Who would’ve thought it would be a good idea to package sugar in a milk carton?

Rochester Institute of Technology students Allison Bebee and Katie Palermo did.

They were right. And they have a first place finish in the 2006 Paperboard Packaging Alliance Student Design Challenge to prove it.

Except, in the packaging world, it’s not called a milk carton. It’s called a gable top package. But regardless of what you’d like to call the package, the judges called it effective, commenting: “The package was very well designed. Incorporating the logo into the graphics and giving it a functional use was very impressive. We liked the use of a gable top package as a dispenser for sugar.”

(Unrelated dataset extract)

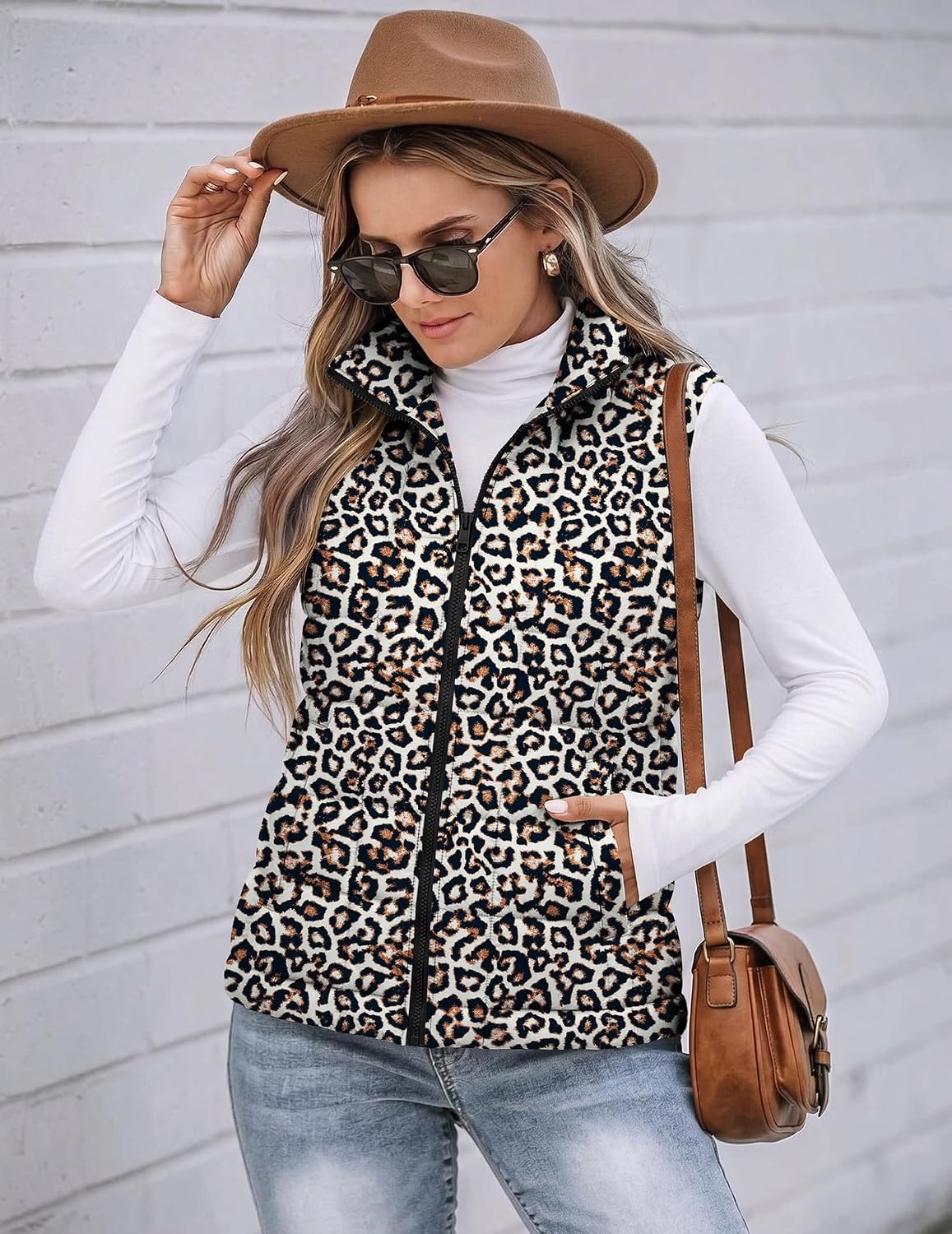 image:imageZeagoo Womens Lightweight Quilted Puffer Vest Stand Collar Zip Up OuterwearLeopard Apricot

The competition challenged students to improve paperboard packaging in the baking goods category. Bebee and Palermo opted to design a new package for sugar.

“A big problem with sugar is that it comes in those flimsy paper packages,” Bebee says. “They are really difficult to pour from and nobody knows what to do with it after it’s opened. Most people end up buying Tupperware containers to store it in.”

Their design eliminates both problems. There are both fine and gross pouring capabilities and, like a milk carton, it is easily resealed and stored.

RIT, home to one of only six packaging science degree programs in the nation, has won the competition in each of its two years of existence. Bebee is a fourth-year packaging science student in the College of Applied Science and Technology. Palermo studies graphic design in the College of Imaging Arts and Sciences.